Or il semble bien que l'on pourrait faire une constatation analogue en ce qui concerne la communauté gaie issue du mouvement de libération homosexuelle des années soixante-dix. Phénomène qu'il faut d'ailleurs vraisemblablement interpréter comme le signe d'une atteinte non négligeable des objectifs et des revendications socio-politiques de ce mouvement[21]. Force est en effet de reconnaître que, malgré de persistants malaises dans notre société[22] (comme dans l'ensemble des sociétés occidentales), l'homosexualité s'y voit désormais largement tolérée, voire reçue. Non seulement est-elle protégée (fût-ce imparfaitement) contre la discrimination par d'importants textes législatifs, mais celle-ci est accueillie de manière relativement positive - voire relativement banalisée - par d'importants secteurs de la société. Les indignations morales que la culture avait pu nourrir jusque là à l'endroit de l'homosexualité se sont en partie déplacées sur d'autres réalités (la sexualité des mineurs, par exemple, la violence et la pornographie, etc.).

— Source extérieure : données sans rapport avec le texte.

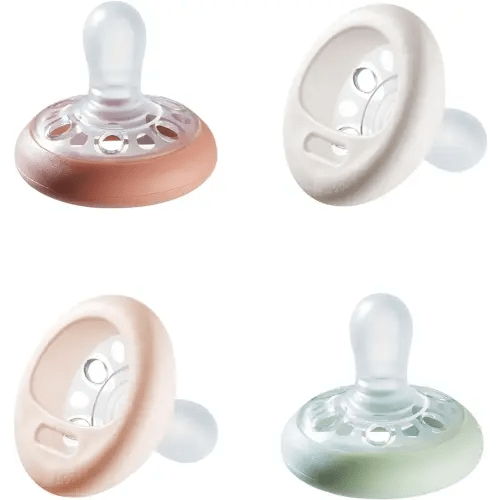 Tommee Tippee Breast-Like Pacifier, 0-6 Month Pack of 4 Pacifiers with Breast-Like baglet, Symmetrical Design, BPA Free
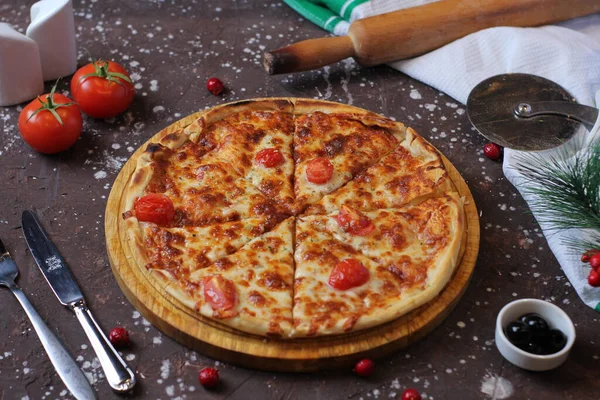 Домашнее мясо любит пиццу с колбасой Пепперони и беконом Стоковое Изображение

Tous semble s'être passé comme si les homosexuels - au moins les hommes homosexuels - s'étaient en quelque sorte imposés comme «interlocuteurs valables» et «citoyens à part à part - à peu près - entière», i.e. d'abord et avant tout peut-être comme «consommateurs rentables» et «contribuables respectables», dans une société qui se fonde toujours sur le vieux mythe de la démocratie libérale: «No taxation without representation»... Plus encore: les homosexuels, à travers leurs luttes de revendication (comme les Verts allemands siégeant au Bundestag ou les anciens soixante-huitards recyclés en jeunes cadres dynamiques...), ont fait la preuve qu'ils étaient - individuellement et collectivement - des citoyens fiables et utiles[23]. Hocquenghem encore, d'une manière qui n'est peut-ête satirique que si l'on y tient vraiment, parlait à cet égard de l'apparition d'un nouveau type d'homosexuel: «Un stéréotype d'homosexuel d'État, intégré à l'État, modelé par l'État et proche de lui par les goûts, rassuré d'ailleurs par la présence de tel ou tel sous-ministre lui-même homosexuel sans fausse honte (...) remplace progressivement la diversité baroque des styles homosexuels traditionnels.»[24] Un observateur sociologue de la scène québécoise va dans le même sens en précisant encore davantage: «Si l'homosexualité a pu jadis inquiéter les classes dirigeantes, c'est parce que sa gestion faisait problème (...) Mais il n'en va plus de même aujourd'hui: grâce au "progrès", des alternatives ont vu le jour et des techniques nouvelles se sont développées qui rendent maintenant la gestion possible. Les craintes se dissipent (...) L'homosexualité se normalise et entre dans le champ de la domination techno-cratique(...)» [25].

Non seulement, donc, la communauté homosexuelle s'est-elle dotée de tout un réseau - non plus clandestin mais bien visiblement insrit dans le paysage social, tout au moins dans les grandes aglomérations urbaines[26] - de services, commerces, établissements, lieux de rencontre (y compris sexuelles), mais de nombreux interfaces ont pour ainsi dire rendue la communauté gaie de plus en plus «compatible» avec la société dans son ensemble[27].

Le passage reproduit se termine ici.